This post is a revised version of an article originally published on Forbes by National Business Capital’s CEO, Joe Camberato. It was updated in September 2023 to include the most relevant data. To view the original article, click here.

 

When you have a new opportunity to pursue or challenge to solve in your small business, working capital or a credit card doesn’t always cut it. Sometimes, you need to tap into external funding sources in order to foot the bill. If your credit score doesn’t meet standard requirements, or you’re going through other financial challenges, then you may consider getting a HELOC to cover business expenses.

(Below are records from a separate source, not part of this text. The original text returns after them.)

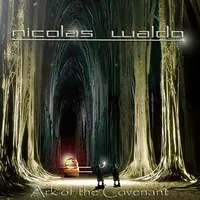 Ark of the Covenant - Nicolas Waldo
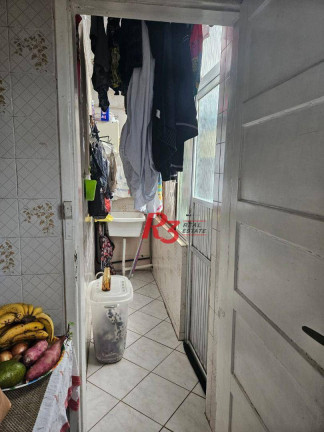 Imagem Apartamento com 2 Quartos à Venda, 75 m² em Estuário - Santos Imagem Apartamento com 2 Quartos à Venda, 75 m² em Estuário - Santos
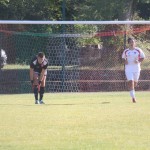Deželni pokal: Zarja – Triestina Victory 1:0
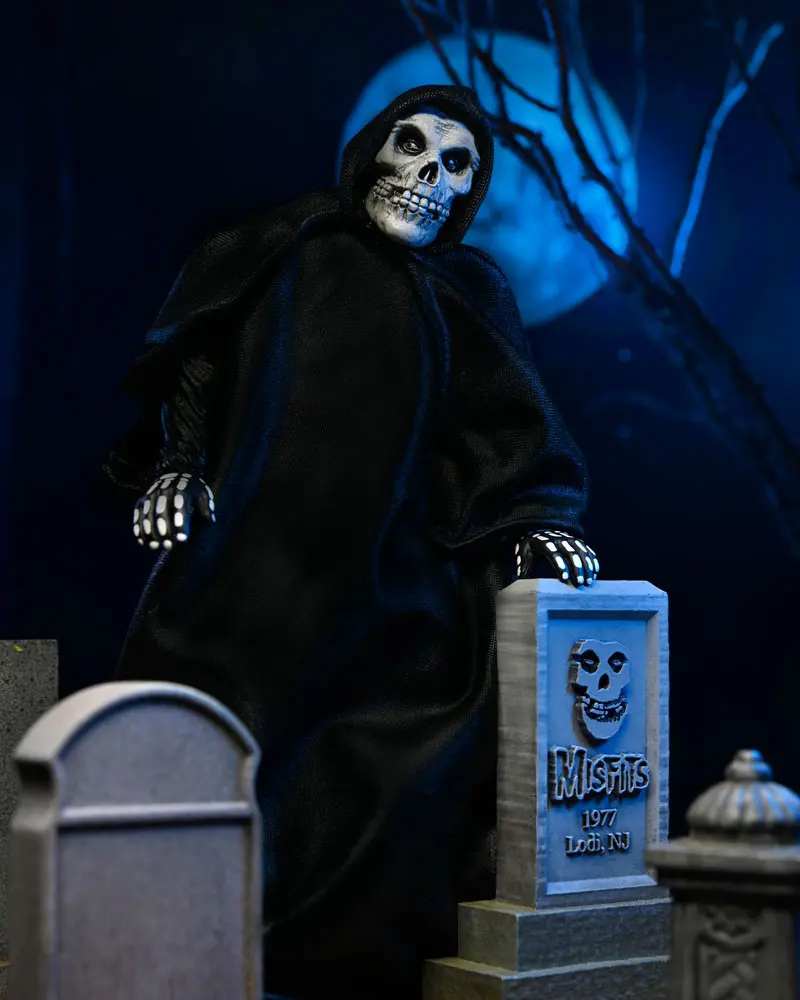 Misfits Figurina Ultimate Fiend 18 cm poza produsului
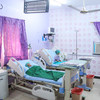 Mapigano makali katika mji wa bndari wa Hudeidah yanakaribia  hospitali ya Al Thawra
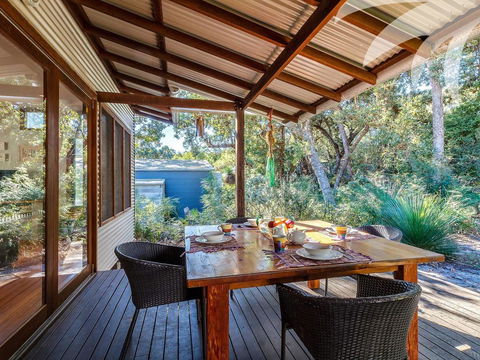 Buccoo - Port Augusta Accommodation 2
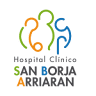 Children's Emergency Hospital Clinico San Borja Arriarán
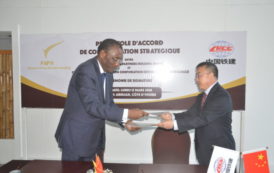 Côte d’Ivoire : Phoenix Africa Partners s’associe au géant chinois CRCC pour des projets d’infrastructure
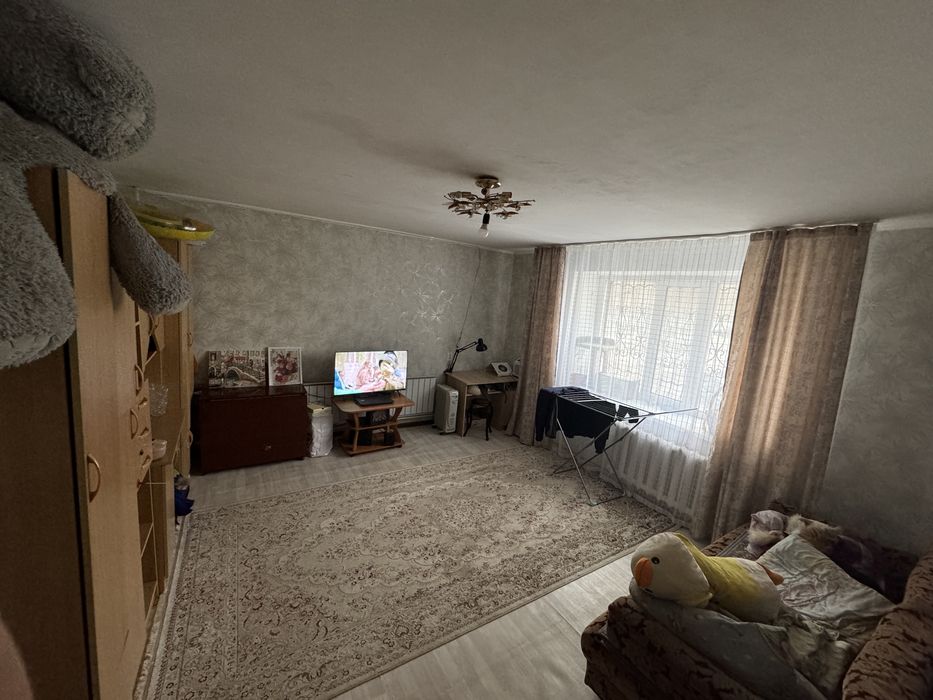 Продам квартиру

Rather than borrowing money against your business, a HELOC enables you to borrow against the value of your home. While this doesn’t put your business in a bind, and is accessible, it can complicate your personal financial well-being in unforeseen ways.

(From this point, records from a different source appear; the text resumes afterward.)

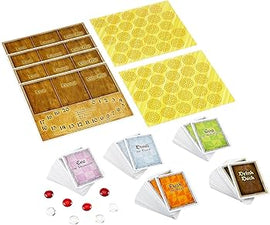Red Dragon Inn components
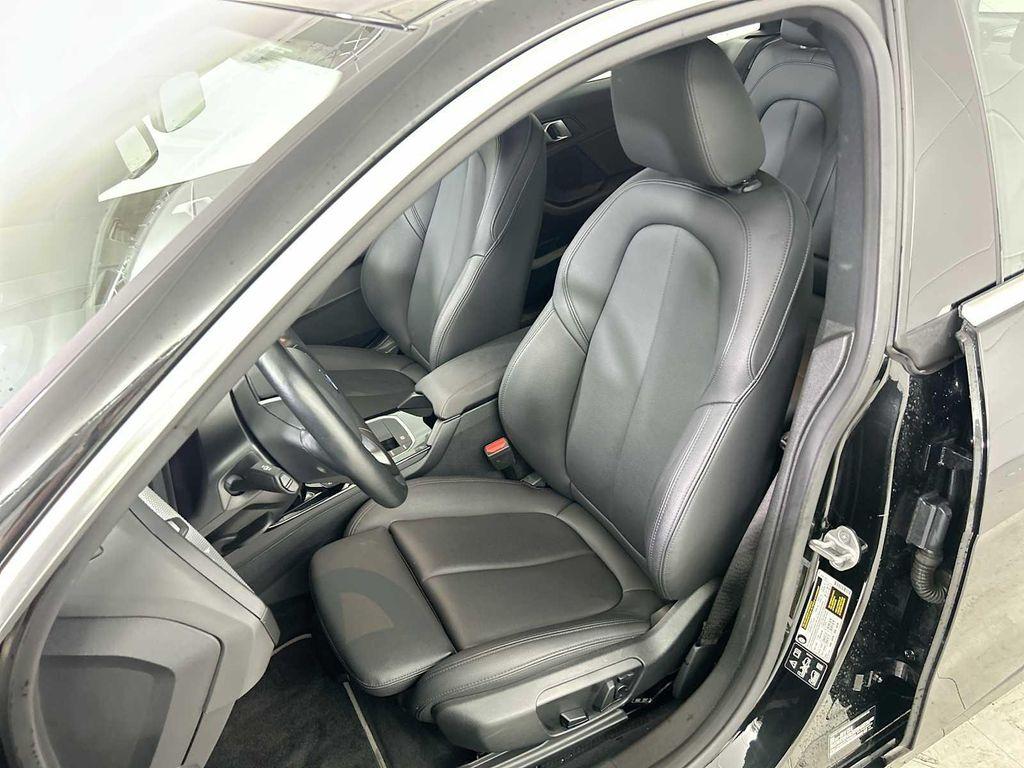 used 2024 BMW 228 Gran Coupe car, priced at $31,999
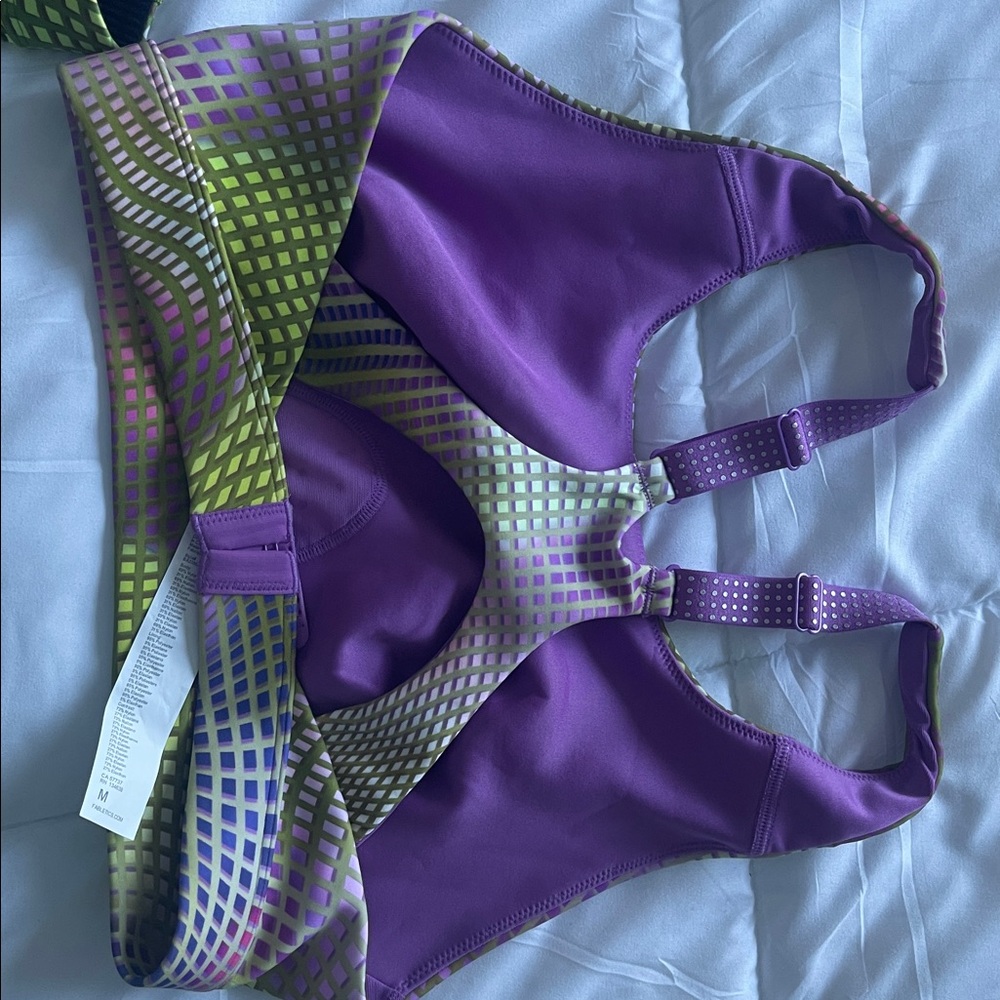 Fabletics Multicolor Set - Picture 3 of 6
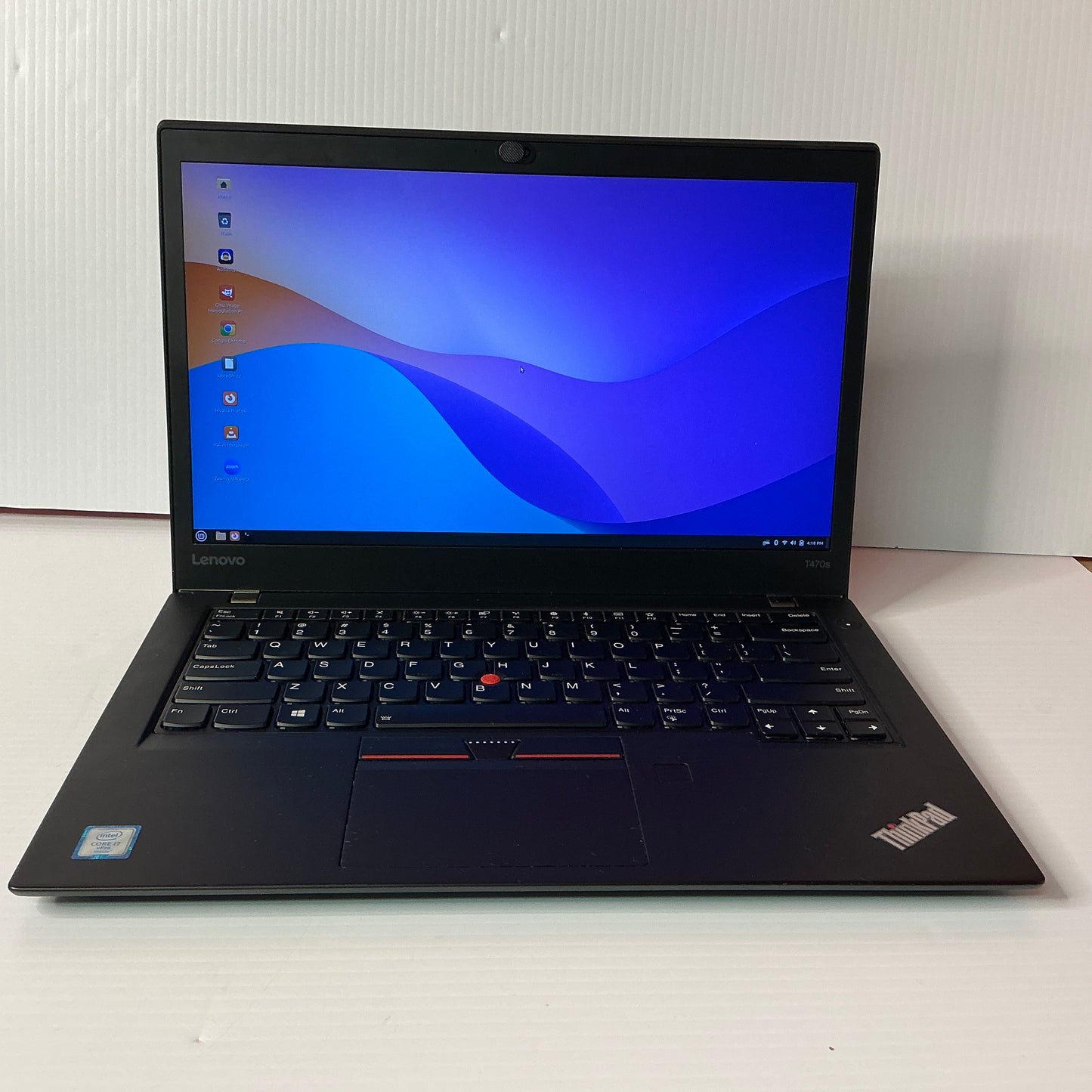 Lenovo ThinkPad T470s (C)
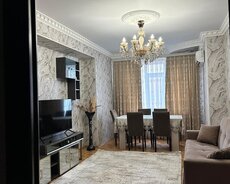 Xırdalan Abşeron Gənclər Şəhərciyi Kupçalı 3 otaqlı mənzil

To keep your personal finances separated from your business, you shouldn’t take out a HELOC for small business expenses. Instead, consider other readily accessible financing options that enable you to borrow money quickly, at a lower cost, and without jeopardizing your home, like FinTech lending/alternative financing.

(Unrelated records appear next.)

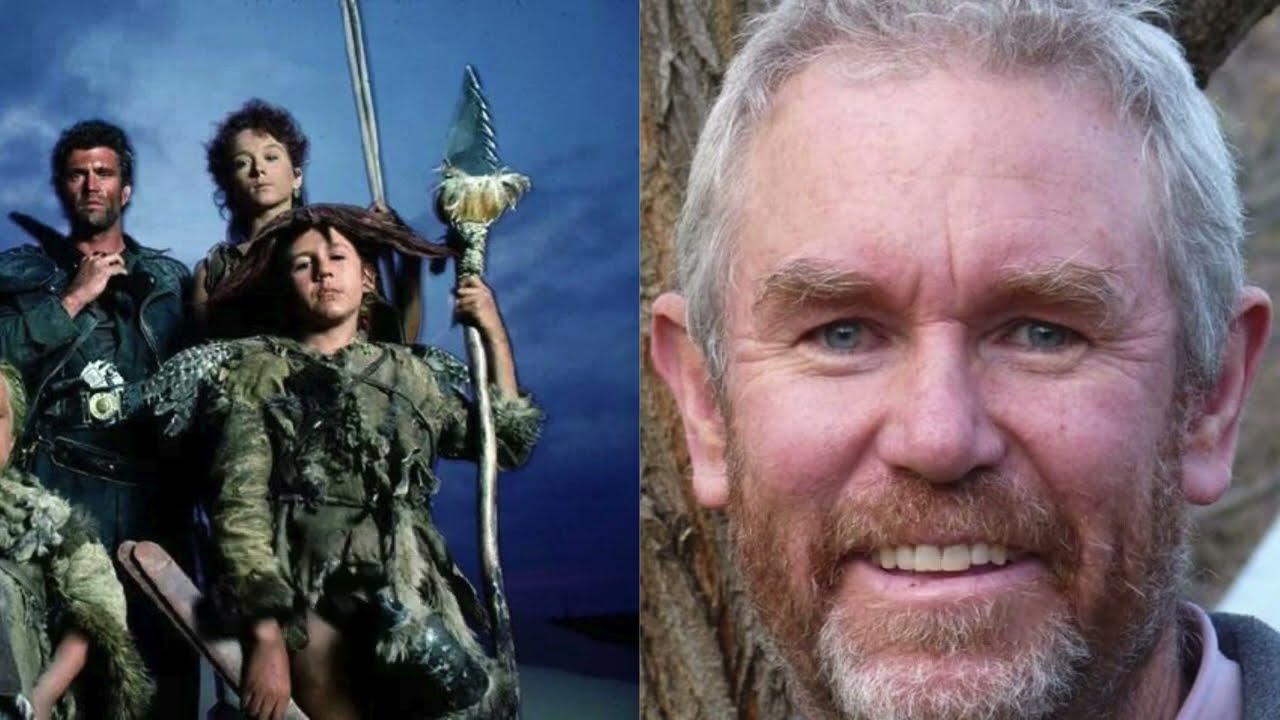 Mad Max Beyond Thunderdome 1985 CAST - Then and Now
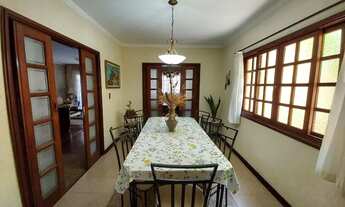 Imagem 6: Sobrado alto padrão na Vila Oliveira - Mogi das Cruzes SP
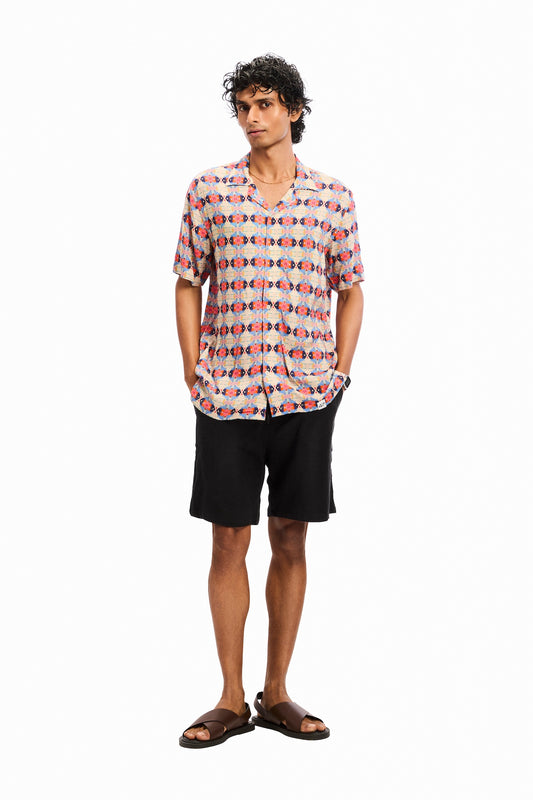 Kaleidoflux Shirt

What Is a Home Equity Line of Credit (HELOC)?

Before getting into exactly why you shouldn’t utilize a home equity loan or line of credit, it’s important to understand how it works and what that means for you.

First and foremost, a HELOC is not comparable to most other small business loans and financing options on the market. When you borrow a HELOC or a home equity line of credit, you’re borrowing capital against the value of your own home.

If you default on the payments, then the lender could foreclose on your home. So, in effect, taking a HELOC is like taking a second mortgage.

While some business owners put HELOC funding toward business-related expenses, HELOCs aren’t limited to business expenses. They can actually be put toward a number of things. It’s not uncommon to put HELOC funding toward personal expenses, like home renovations and college tuition.

Despite these differences, HELOCs function the same way that business lines of credit do. Borrowers can draw funding as they need it instead of taking a large sum of money like they might with a term loan.

Why Some Business Owners Take HELOCs For Business Expenses

For cash-strapped business owners who need a fast and easy solution, taking a HELOC might appear to be the best choice. After all, HELOCs are an accessible way to pay down business expenses without the same obstacles as other options.

For one, your credit score isn’t a make-or-break factor. Even with a low credit score, you can qualify for a HELOC. This is because you’re borrowing against the equity in your home, meaning your home functions as the lender’s safety net in the event you can’t make payments. In some cases, interest paid on a HELOC is tax deductible.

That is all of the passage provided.